Saber por que uma obra é boa começa pela educação do gosto, que nada mais é do que um processo relativamente banal de autoconhecimento. Basta perguntar-se sempre: “Por que gosto disso e desgosto daquilo?” As respostas podem demorar. Você pode ter de admitir que gosta de algo por razões inteiramente subjetivas (tão particulares que só você pode entender), banais ou infantis. Você pode descobrir que na verdade tinha interesse pelo assunto da obra e não pela obra mesma. Você vai ficar ciente dos seus próprios preconceitos e inclinações e pode tentar alterá-los se tiver algum ideal de bom gosto. Um efeito colateral inevitável deste processo é que você também passe a conhecer um pouco das obras de que gosta e não gosta, porque não há como chegar a uma explicação satisfatória de por que sem antes saber o quê. Depois disso você será capaz de saber o quanto gosta de algo: vai saber se gosta de poesia (ou pintura, música etc.) em geral e por isso tem vontade de ampliar seu repertório de leituras ou se aquilo é algo secundário na sua vida. Mas se a própria expressão artística se transformou numa questão, então você pode dar mais um passo e começar a comparar os estilos de diversos autores. Veja bem: não se trata de comparar a impressão que eles causam em você, nem de ficar falando frivolidades idiotas como “é bom ler este aqui num dia chuvoso enquanto se bebe uísque, e aquele ali em dias de sol, na praia.” Agora você não é mais o assunto.
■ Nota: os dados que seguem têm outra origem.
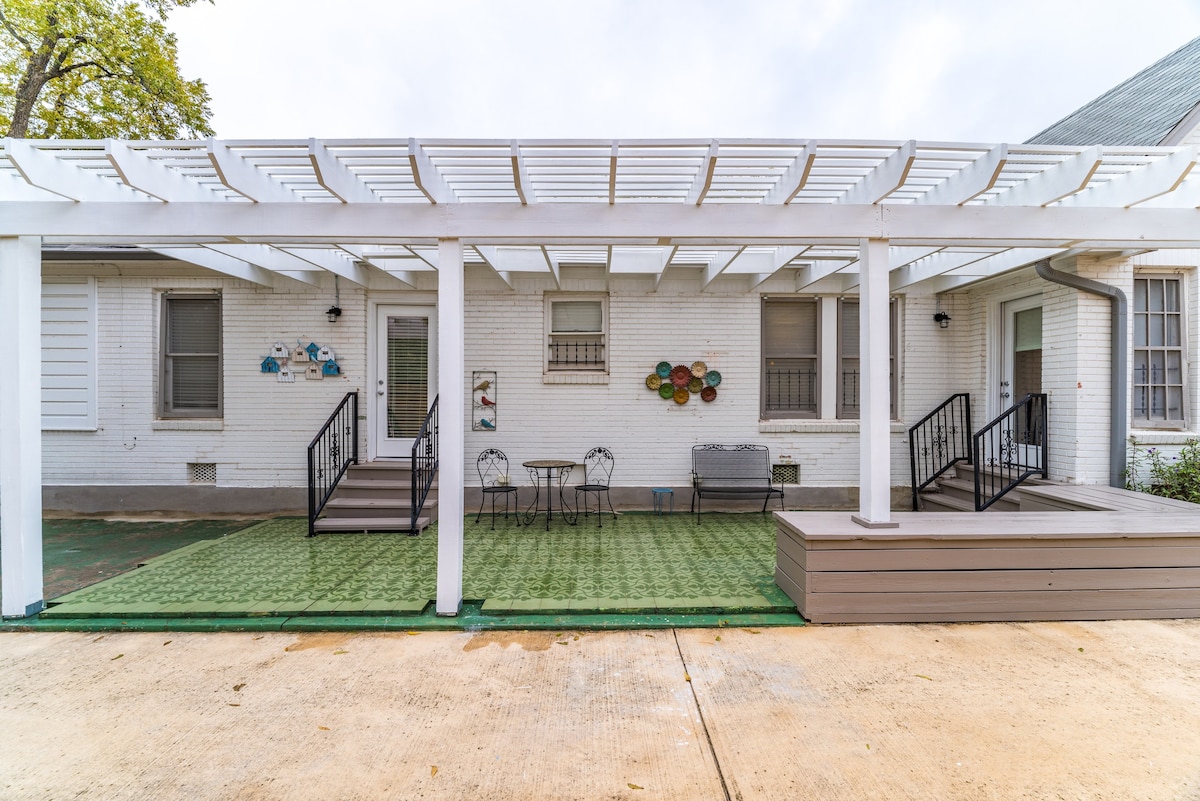 3 BR, 2 Baths, Pets, Historical home + close to DT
Neste ponto você começa a elaborar critérios que vão refletir também o que você pensa sobre a arte de modo geral e aquela expressão artística em particular. Não são réguas, mas são regras, critérios objetivos, sempre temperados pelo bom senso. Algumas das regras que uso são as seguintes: em primeiríssimo lugar, toda obra precisa ter algum interesse imediato, nem que seja um incômodo que dá vontade de voltar a ela, para entendê-la melhor. Ela pode ser difícil, mas tem que ter algum encantamento direto. Em segundo lugar, e a partir de agora vou falar só de poesia, tem de ser inteligível. Novamente, ela pode ser difícil, mas tem de haver uma possibilidade de compreensão que não dependa de um mergulho nas idiossincrasias do autor. Terceiro, tem de ser econômica: a poesia gosta de compressão, mas é preciso usar o bom senso para que o poema não fique tão comprimido que se torne ininteligível. Quarto, a escolha de palavras e a sintaxe têm de ser coerentes com a proposta estética. Quinto, o autor tem de mostrar que sabe que existe uma relação entre métrica, ou o que quer que ele chame de verso, e a melodia da fala da língua que ele usa, no registro que ele usa. Sexto, o tratamento do assunto tem de revelar mais intimidade com ele do que a descoberta imediata. Nada de fazer poemas porque você descobriu que estar apaixonado é gostosinho. Auden já dizia: o principal na obra de arte é “assunto, assunto, assunto”, então pense bem antes de maltratar o teclado. Sétimo, nada de usar trocadilhos nem “desconstruir a linguagem”. A língua tem significante e significado e um não vale nada sem o outro. Oitavo, mas certamente não último, é preciso ver se o conjunto funciona. Se funciona e ainda por cima escapa da banalidade, é bom.
Todos estes fatores mostram que há muitas intenções em um poema, que podem ser colocadas nele por esforço ou por hábito do artista. Não há problema em fazer uma comparação com um bolo. Um bom bolo sabe que é bom. Você percebe que ele não foi feito por acaso. Um bolo ruim não sabe de nada. Você percebe que ele não sabe como chegou até ali e, francamente, preferia que ele não tivesse chegado.
Posso me gabar, depois de ter dito tudo isso, que passei no teste que mencionei no primeiro parágrafo. Uma vez, na UFRJ, olhava com alguns amigos os poemas que os alunos penduraram no mural. Todos eram muito ruins, exceto um, que não estava assinado, e eu consegui dizer: isto é bom, é bem-feito. Depois descobri que era um poema de Cecília Meirelles.